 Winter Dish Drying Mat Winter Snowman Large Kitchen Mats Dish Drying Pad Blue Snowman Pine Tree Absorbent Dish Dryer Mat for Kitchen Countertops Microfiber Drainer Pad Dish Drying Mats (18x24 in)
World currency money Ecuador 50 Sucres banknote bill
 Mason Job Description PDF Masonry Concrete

--

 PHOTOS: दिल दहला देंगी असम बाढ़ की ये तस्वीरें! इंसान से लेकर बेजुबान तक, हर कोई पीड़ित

◆ **Try it**:
Since only part of the listing is wanted, copy exactly the lines from the one holding "Winter Dish Drying" to the one holding "Mason Job Description PDF Masonry Concrete", both included.

◆ **Output for this task**:
 Winter Dish Drying Mat Winter Snowman Large Kitchen Mats Dish Drying Pad Blue Snowman Pine Tree Absorbent Dish Dryer Mat for Kitchen Countertops Microfiber Drainer Pad Dish Drying Mats (18x24 in)
World currency money Ecuador 50 Sucres banknote bill
 Mason Job Description PDF Masonry Concrete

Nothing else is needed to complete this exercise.